Ellen Sussman is a New York Times bestselling author of four novels. She was born in Trenton, New Jersey and resides in Sebastopol, California with her husband. Sussman's work features settings and characters from France to Bali to the United States. She lived in Paris from 1988 to 1993 with her first husband and two daughters.

== Career ==
Sussman attended Tufts University for her undergraduate degree and Johns Hopkins University for her graduate degree in creative writing. Jonathan Strong was her mentor and teacher while she studied at Tufts University.

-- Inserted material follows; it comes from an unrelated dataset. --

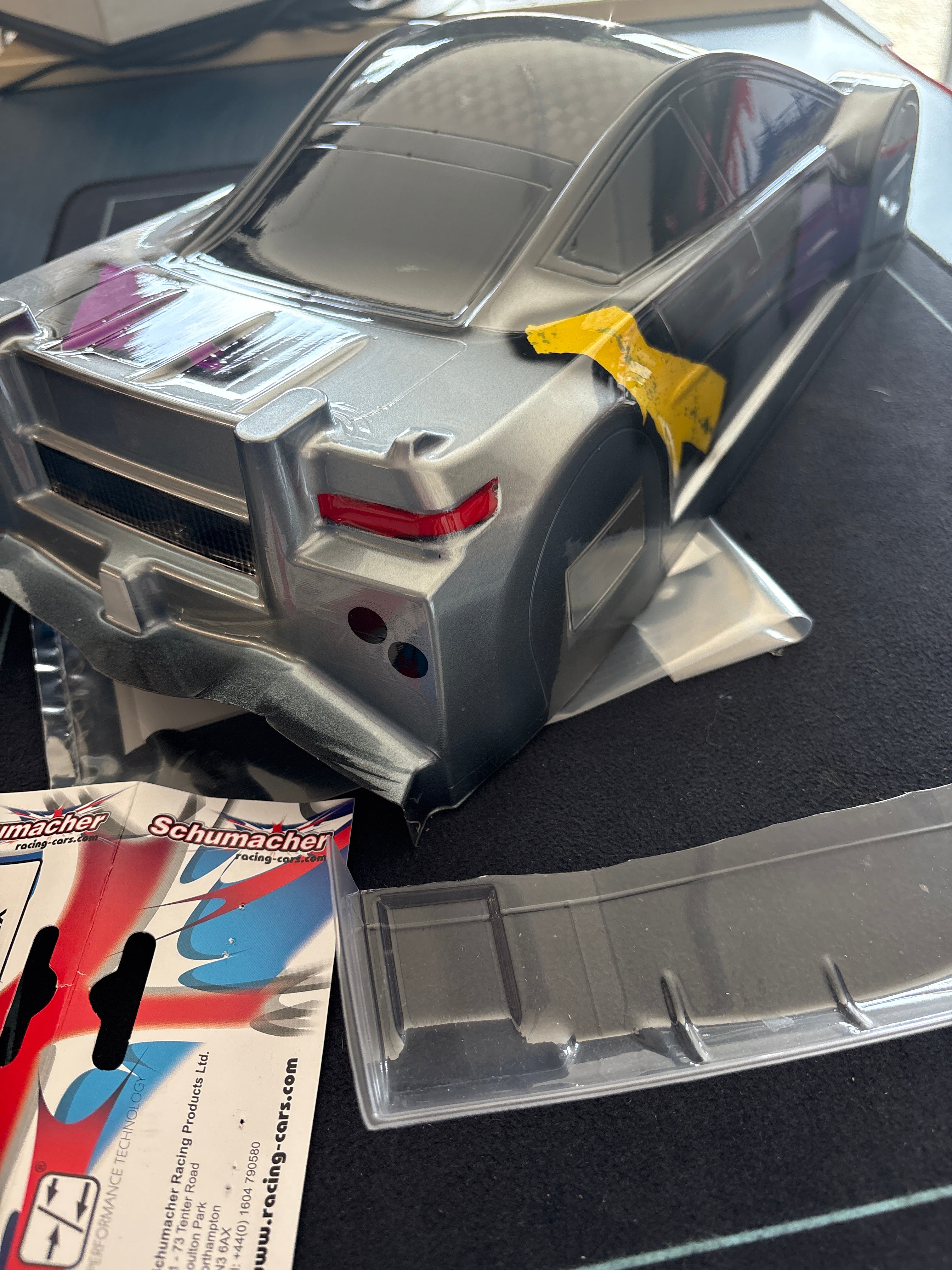 XTREME TWISTER - 1/10 RC CAR - ETS TC BODY SHELL - PRO 100% AIRBRUSHED! UNCUT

Despite knowing she wanted to be a writer at age six, Sussman endured years of rejection before successfully publishing her first novel at the age of 49. In addition to writing, Sussman teaches private writing classes and workshops. One of the private classes is called "Novel in a Year" in which students write and entire novel over the course of the year with Sussman's guidance and critiques. She also teaches through Stanford Continuing Studies. Sussman is the co-founder and co-director of Sonoma County Writers Camp.

She is the founder of the Bay Area women-writers network Word of Mouth. As of 2021, there were over 170 women in the organization.

== Publications ==

=== Books ===
- A Wedding in Provence (Random House, 2016)

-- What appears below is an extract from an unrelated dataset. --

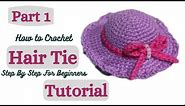 How To Crochet Hair Tie Tutorial Patterns ||Free Crochet Ponytail Holder Pattern (Part 1)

In her most recent novel, Sussman returns to France. Provence is a city of "romance and love" for the author. France has always been a location of romance; her husband Neal Rothman and she married in France. While in France for a writer's residency in 2010, she got the idea for the novel after visiting Cassis, a sea resort in Provence.

- The Paradise Guest House (Ballantine Books, 2013)

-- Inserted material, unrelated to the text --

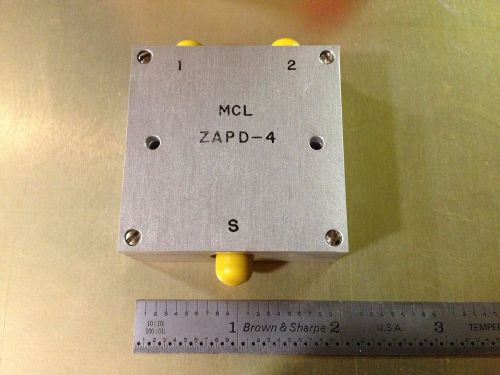 Mini-Circuits ZAPD-4 Splitter/Combiner 2-4.2 GHz SMA Conn. NEW! FACTORY WRAPED!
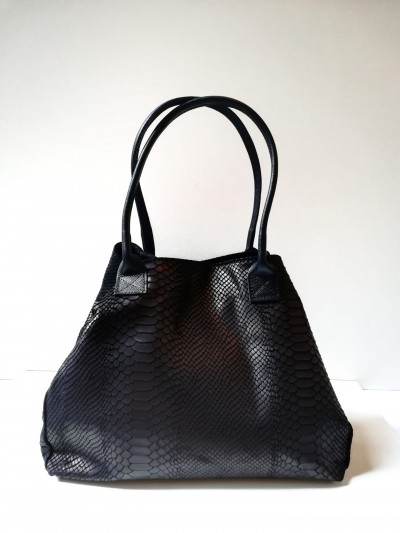Sac caca effet croco - Zwart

Set in Bali during the 2002 bombing in Bali, this novel deals with the subjects of terrorism, anxiety, and loss. To prepare for this novel, Sussman interviewed Balinese locals and expats on their healing after the attacks. The novel follows the actions of Jamie, a 32-year-old travel guide who was injured in the attack as she attempts to find Gabe, a man who helped her recover after the bombing.

- French Lessons (Ballantine Books, 2011)

French Lessons earned the title of "People Pick" from People magazine. It became a New York Times bestseller and was sold in many countries. This novel tells the story of three attractive French Tutors and their American students as they navigate Parisian life. French Lessons has been optioned by Unique Features to be made into a movie.

- On a Night Like This (Warner Books, 2004)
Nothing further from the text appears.